The complaint was filed in September by the Centre on Housing Rights and Evictions (COHRE), with the support of Bridges Across Borders Cambodia (BABC), on behalf of representatives of more than 4000 families living around Boeung Kak who have suffered or are currently threatened with forced eviction. It alleges that the Bank breached its operational policies by failing to adequately supervise the Land Management and Administration Project (LMAP), which denied land titles to the Boeung Kak families shortly before the area was leased by the Government to a private developer.
The LMAP was established with the stated aim of improving security of tenure for the poor and reducing land conflicts in Cambodia by systematically registering land and issuing titles across the country. However, a report released last year by BABC and COHRE found that land-grabbing and forced evictions have escalated significantly over the last ten years, while many vulnerable households have been arbitrarily excluded from the titling system. This exclusion has denied these households protection against land-grabbing and adequate compensation for their expropriated land, often thrusting them into conditions of extreme poverty.

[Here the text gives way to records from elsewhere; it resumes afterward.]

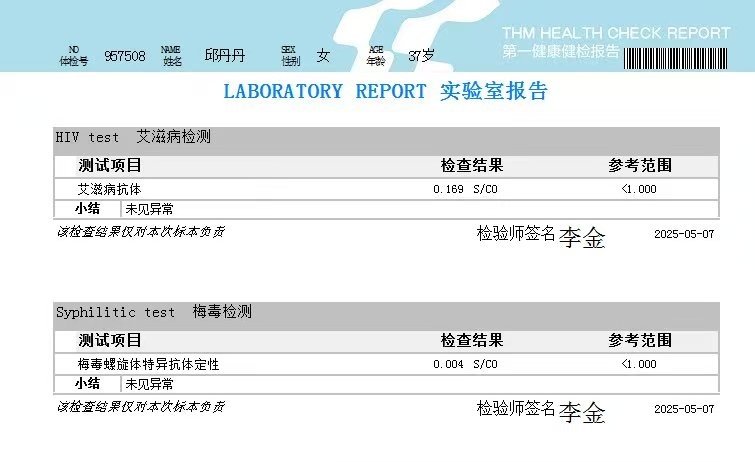 獲得術(shù)前三項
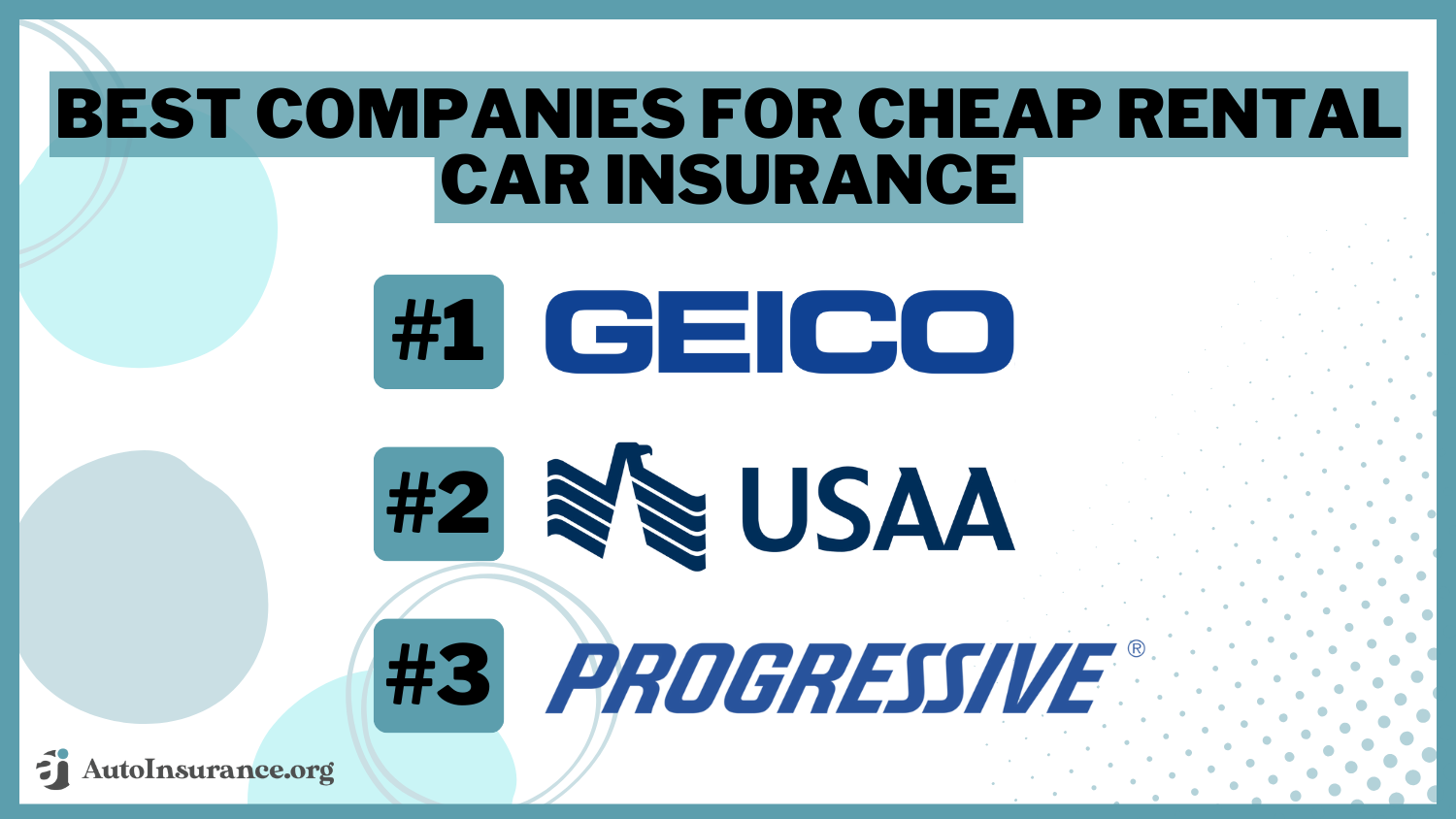 10 Best Companies for Cheap Rental Car Insurance in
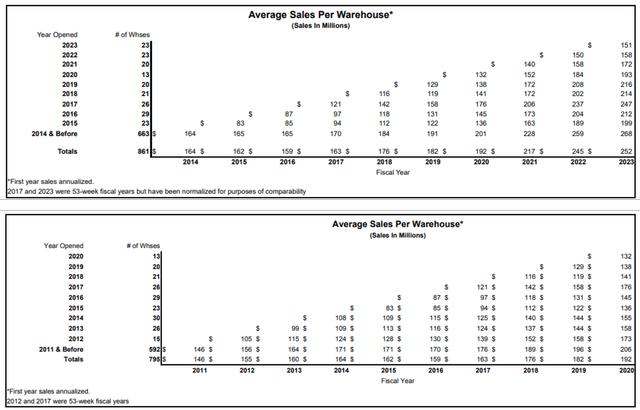 COST's Average Sales Per Warehouse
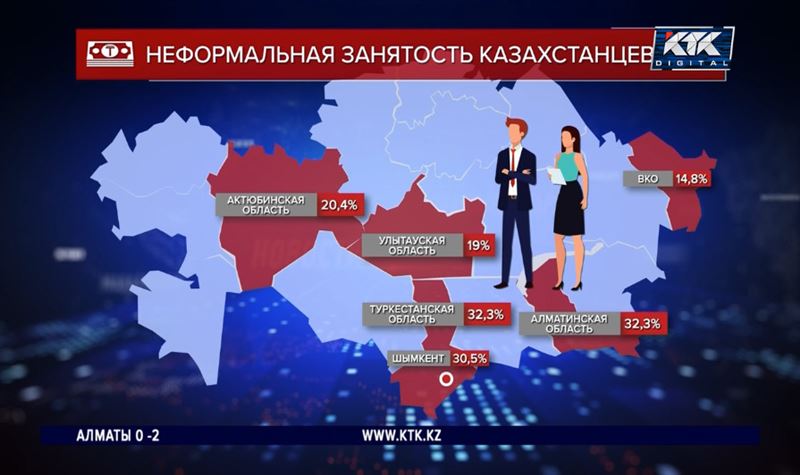 Треть казахстанцев работает в «тени» – аналитики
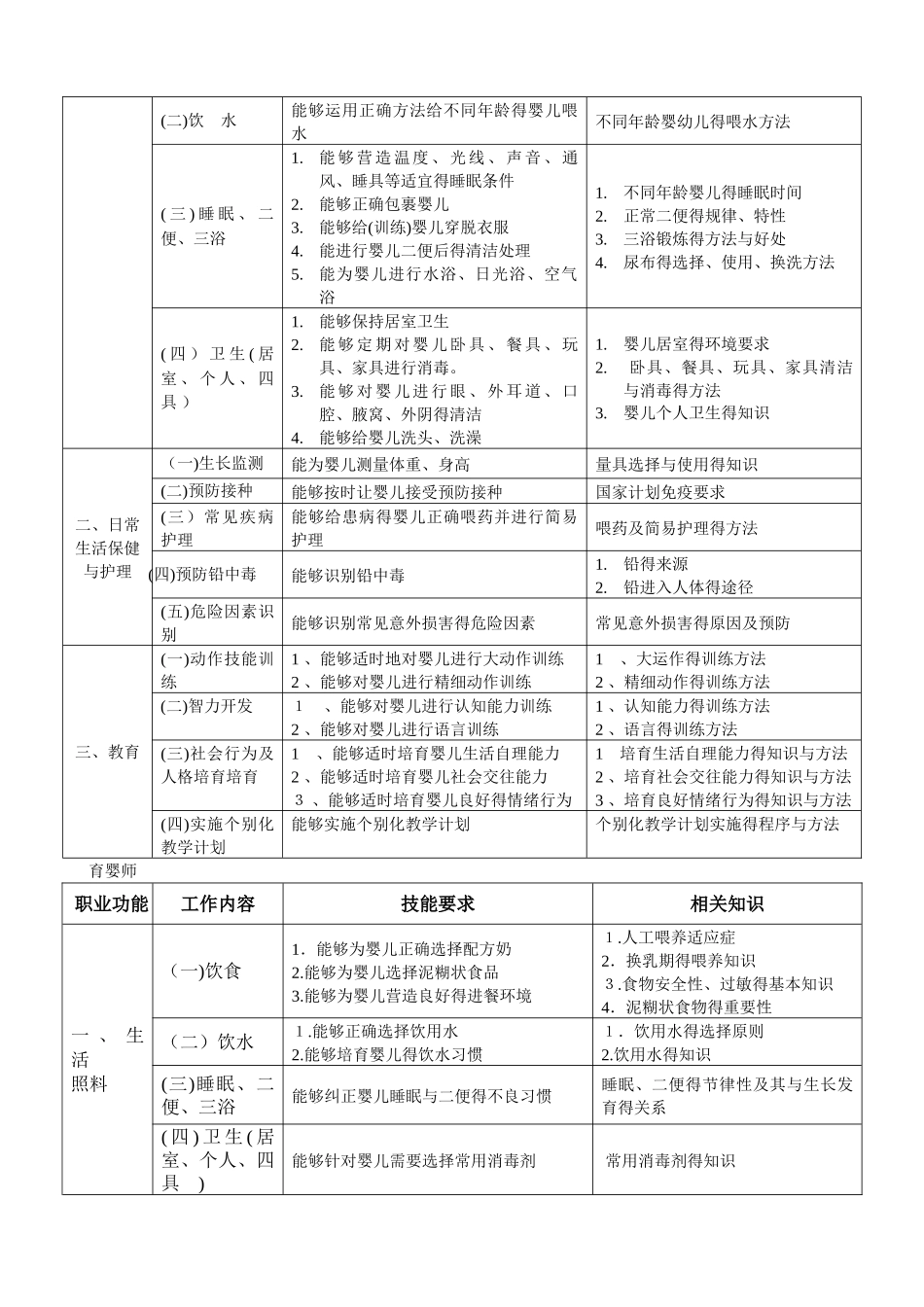 育婴师教学大纲_第2页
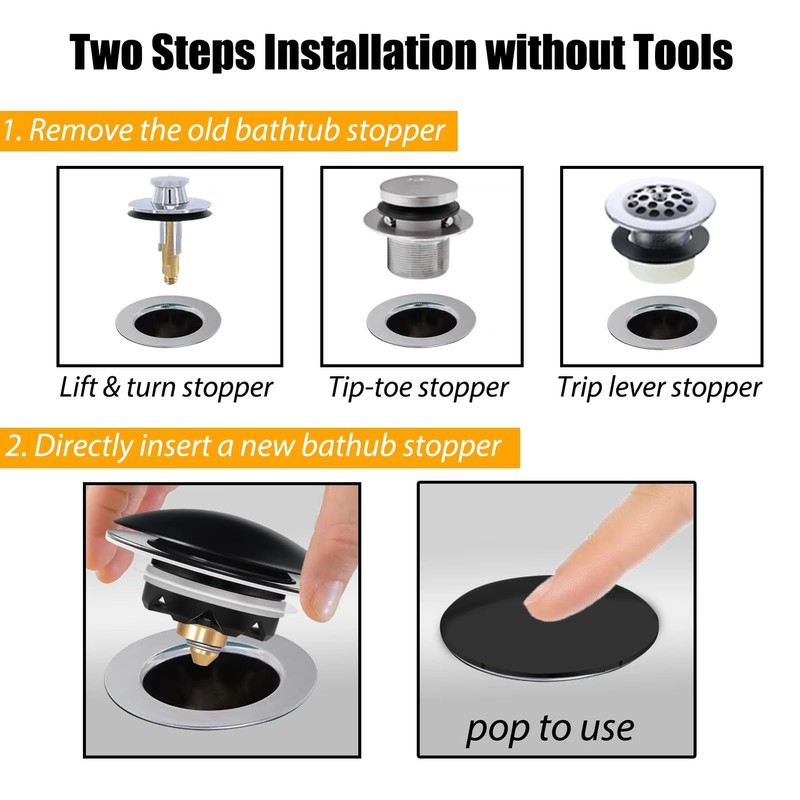 Anlige Bathtub Drain Stopper, Pop Up Tub Drain Stopper Plug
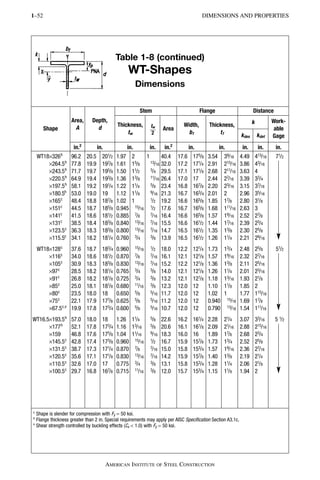 Aisc Profiles STRUCTURAL SHAPES_AISC14_DIMENSIONS_DESIGNATIONS.pdf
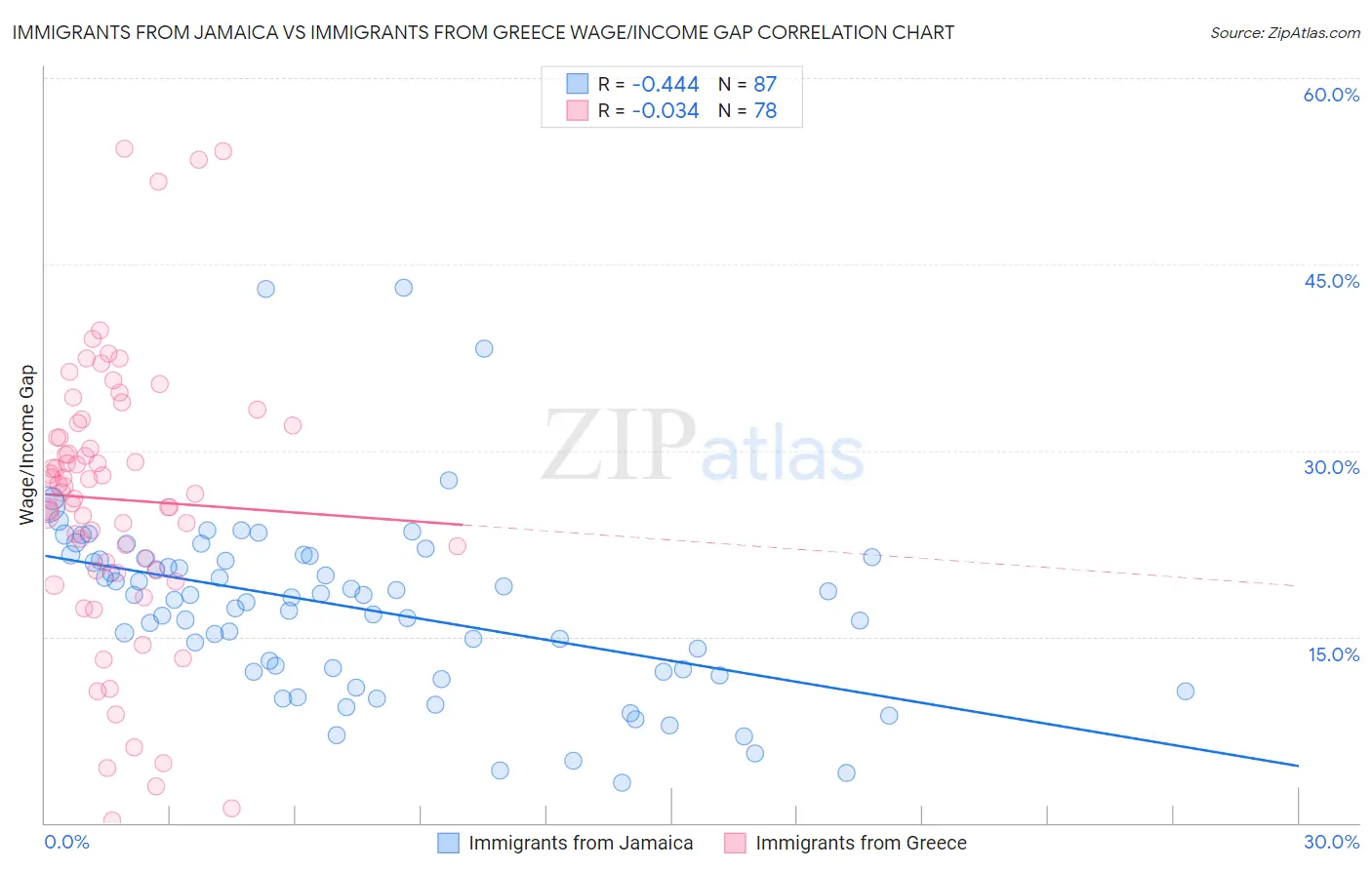 Immigrants from Jamaica vs Immigrants from Greece Wage/Income Gap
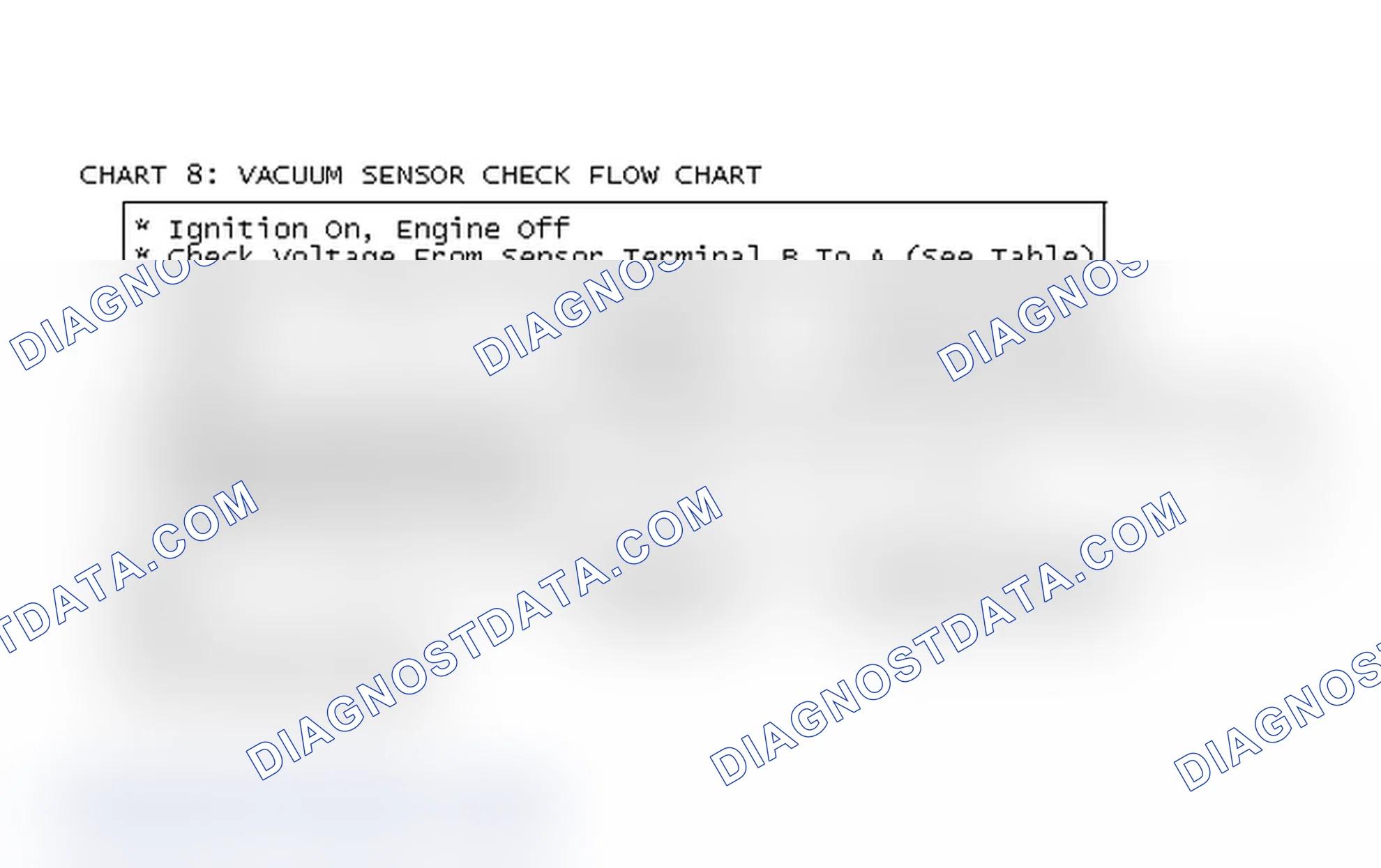 Scheme 82: Chart 8: Vacuum Sensor Check Flow Chart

Despite strong evidence to prove their legal rights to the land, Boeung Kak residents were excluded from the titling system when land registration was carried out in their neighbourhood in 2006. Shortly thereafter, the Cambodian Government granted an illegal 99-year lease over the area to Shukaku Inc, a company chaired by Lao Meng Khim, a Sentator from the ruling Cambodian People’s Party and close associate of Prime Minister Hun Sen. Residents of the area covered by the lease – many of whom have lived lawfully in the area since the fall of the Khmer Rouge regime in 1979 - were suddenly accused by the Government of being illegal squatters on State-owned land.
The World Bank Inspection Panel is investigating whether the Bank breached its operational policies by failing to supervise the Government’s implementation of social and environmental safeguards tied to the project that were intended to ensure that a Boeung Kak scenario would not unfold. “These safeguards were essential for such a high-risk project in a country that is renowned for its lack of good governance and law enforcements,” said Bret Thiele, Senior Litigation Expert at COHRE.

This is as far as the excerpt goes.